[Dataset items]
########

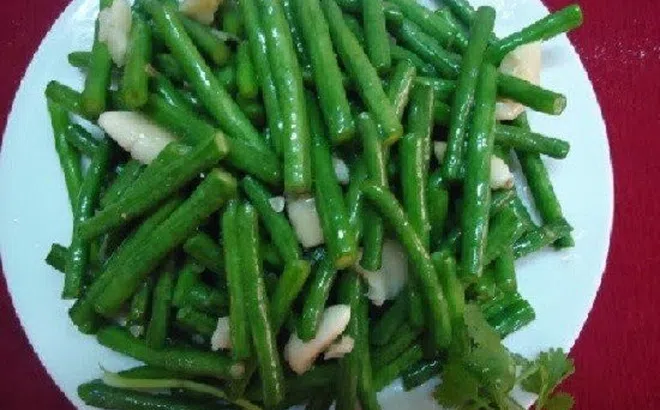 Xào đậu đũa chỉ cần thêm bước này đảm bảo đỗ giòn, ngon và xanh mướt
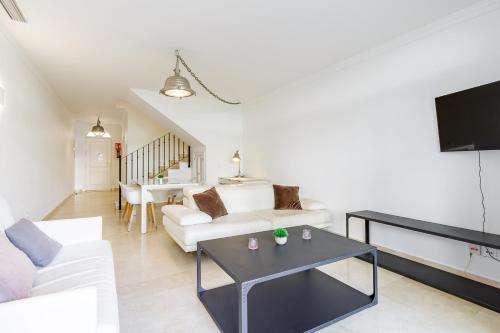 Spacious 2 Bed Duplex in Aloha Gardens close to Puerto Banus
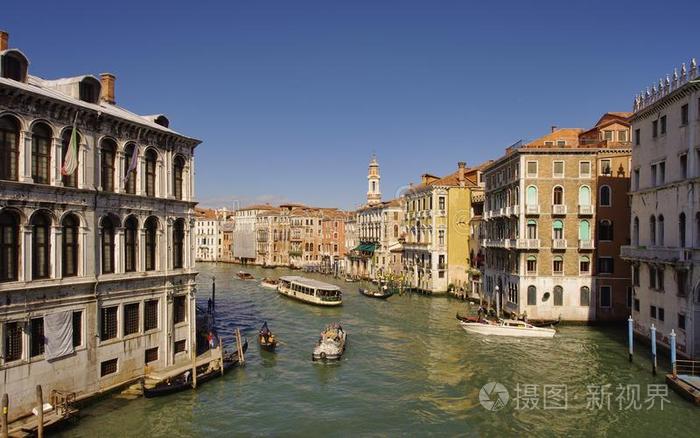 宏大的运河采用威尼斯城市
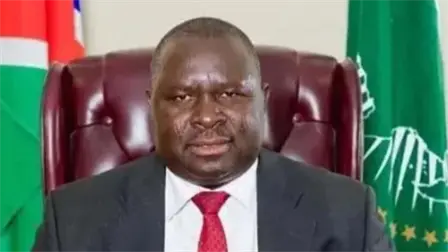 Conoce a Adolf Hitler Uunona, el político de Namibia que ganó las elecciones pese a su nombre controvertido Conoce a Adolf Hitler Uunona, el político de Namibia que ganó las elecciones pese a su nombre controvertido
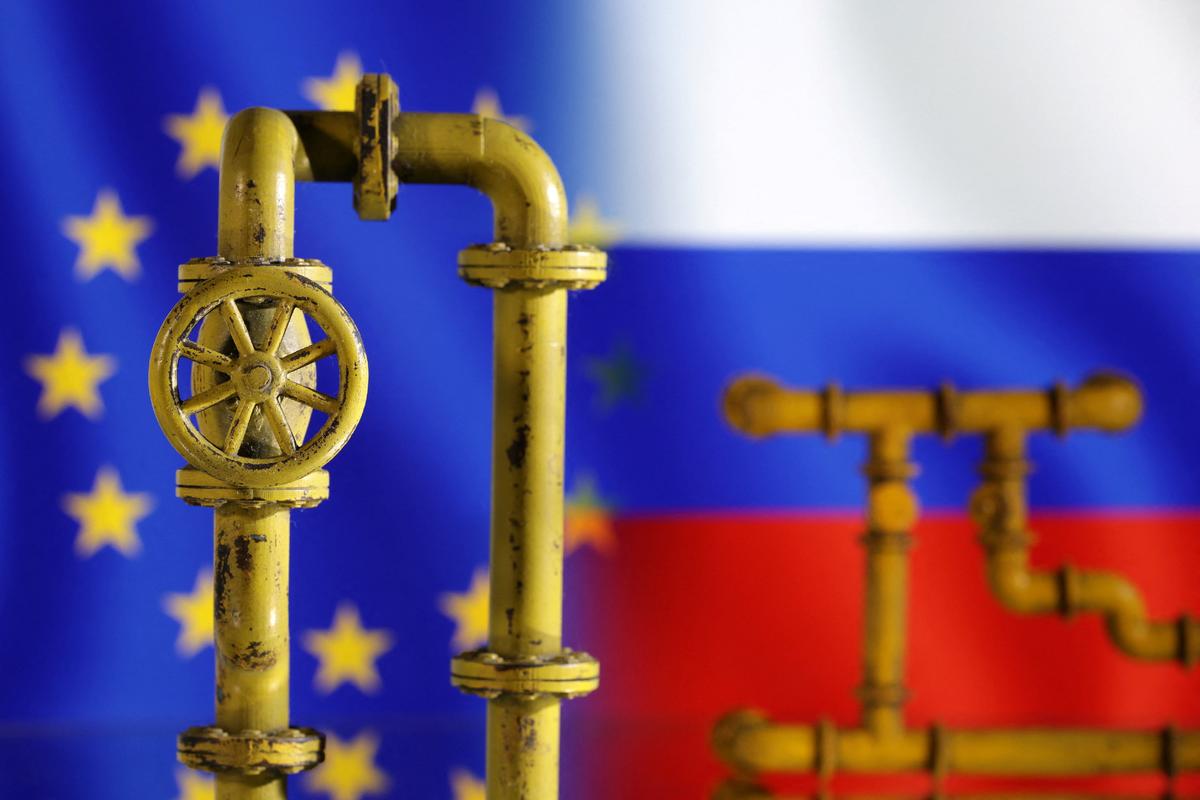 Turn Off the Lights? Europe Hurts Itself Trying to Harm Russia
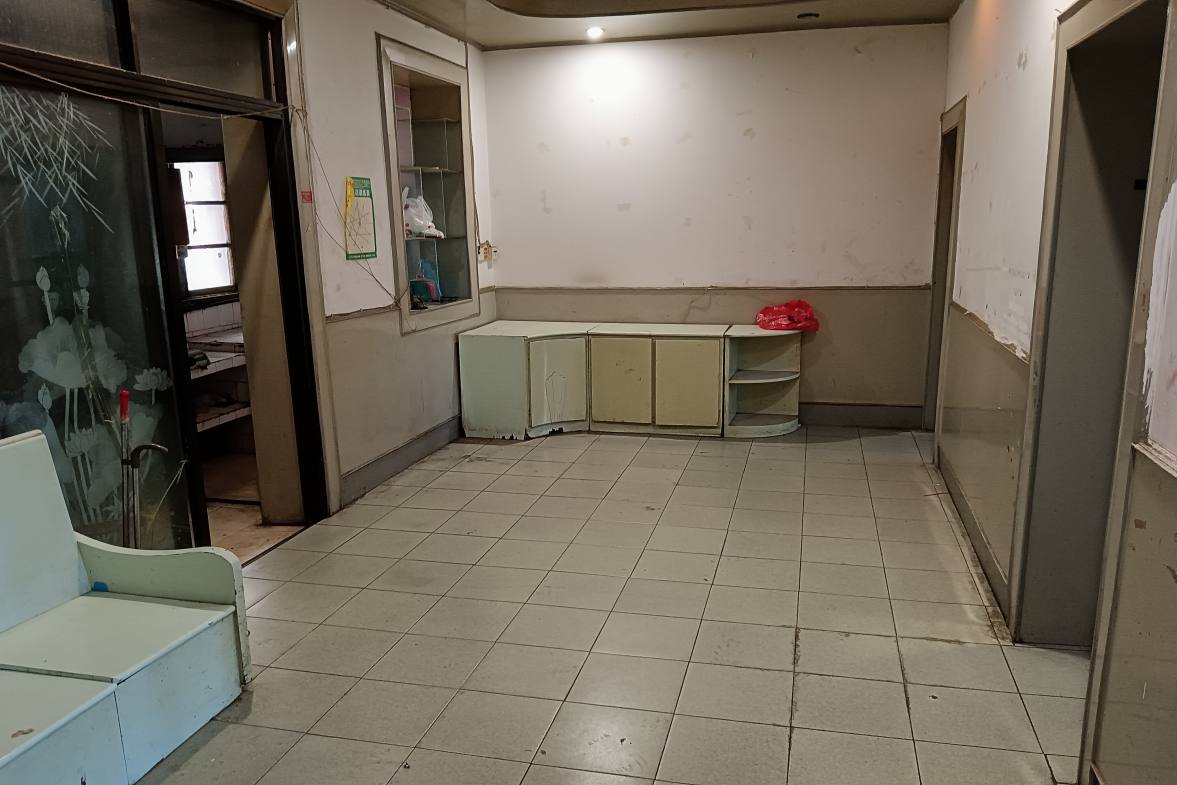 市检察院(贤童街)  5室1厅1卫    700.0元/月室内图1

########

# Exercise
Leave every picture out and write out, word for word, the lines from the one that contains "Turn Off the" through the last line of the records.

# Solved problem
 Turn Off the Lights? Europe Hurts Itself Trying to Harm Russia
 市检察院(贤童街)  5室1厅1卫    700.0元/月室内图1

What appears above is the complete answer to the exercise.